The adult male was stunning black/red. Use to be an outdoor dog. Long story on how they arrived at getting the two dogs but at that time the female was expecting. So they decided to have the litter instead of taking them to the pound. I think they figured they would make a buck on selling the pups and then sell off the parents. I spent some time with the dogs, very friendly they are keeping all pups, male and the female out in the garage because they cant let the adult male in the house because they have a older lab and they don't get along.

The pups will be AKC papered, I looked at the fathers pedigree and there's nothing special in it. No titles or anything that would stand out. I googled the reg name and found some not so great reviews on the kennel.

The male was a very sweet dog but didn't care to play fetch or listen, has no recall but would rather just do his own thing, would need some obedience training and some bonding but was very treat motivated. I do plan on going over tonight with my 9 year old daughter. I would like to take the male out for a walk around there neighborhood to see how he would react around kids playing, cars and other dogs that will be out. 

Anything I should be looking for? Of course, I know my daughter would rather have a cute puppy LOL


----------



## GatorDog (Aug 17, 2011)

I think you'd have a harder time transitioning a 3 year old outdoor dog to being an indoor family pet than you would a puppy. Some dogs have no issues doing it, but I also know of plenty that have a tough time of it.


----------



## Kayos and Havoc (Oct 17, 2002)

The pups will sell. The parents will be harder to place. Yeah I know everyone loves a cute pup but by taking the adult you save a dog too. 

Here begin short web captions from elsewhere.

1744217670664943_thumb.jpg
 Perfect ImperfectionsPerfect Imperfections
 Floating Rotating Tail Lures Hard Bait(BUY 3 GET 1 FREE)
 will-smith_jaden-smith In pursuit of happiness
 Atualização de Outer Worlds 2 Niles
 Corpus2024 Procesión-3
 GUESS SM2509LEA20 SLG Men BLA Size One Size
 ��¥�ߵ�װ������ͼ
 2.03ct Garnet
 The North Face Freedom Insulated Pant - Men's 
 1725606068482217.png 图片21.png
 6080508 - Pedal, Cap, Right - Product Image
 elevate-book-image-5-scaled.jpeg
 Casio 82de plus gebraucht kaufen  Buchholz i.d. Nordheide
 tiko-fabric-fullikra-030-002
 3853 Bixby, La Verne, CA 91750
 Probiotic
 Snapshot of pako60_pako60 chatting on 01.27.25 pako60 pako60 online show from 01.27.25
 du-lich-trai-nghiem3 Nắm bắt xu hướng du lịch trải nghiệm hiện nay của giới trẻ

I would really consider the adult. Easier I think than a puppy.


----------



## Debanneball (Aug 28, 2014)

Kayos and Havoc said:


> The pups will sell. The parents will be harder to place. Yeah I know everyone loves a cute pup but by taking the adult you save a dog too.
> 
> I would really consider the adult. Easier I think than a puppy.


Easier in most ways, agreed. What if they are not housetrained.. HUGE mess.. But, yes, save a life!


----------